● **YOUR ASSIGNMENT**:
Check every line of the data for the string "home" and copy the ones that have it.

● **DATA SECTION**:
---*---

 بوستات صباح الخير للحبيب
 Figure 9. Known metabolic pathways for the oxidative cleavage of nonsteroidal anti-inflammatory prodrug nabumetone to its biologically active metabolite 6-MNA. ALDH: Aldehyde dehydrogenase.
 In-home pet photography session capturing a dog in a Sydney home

---*---

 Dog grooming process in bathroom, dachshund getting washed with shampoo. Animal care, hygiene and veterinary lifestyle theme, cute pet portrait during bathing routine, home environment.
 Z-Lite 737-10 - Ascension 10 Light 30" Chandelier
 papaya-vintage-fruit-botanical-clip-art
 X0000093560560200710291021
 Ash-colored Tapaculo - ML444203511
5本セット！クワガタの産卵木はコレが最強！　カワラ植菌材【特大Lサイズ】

---*---

● **ANSWER TO THIS PROBLEM**:
 In-home pet photography session capturing a dog in a Sydney home
 Dog grooming process in bathroom, dachshund getting washed with shampoo. Animal care, hygiene and veterinary lifestyle theme, cute pet portrait during bathing routine, home environment.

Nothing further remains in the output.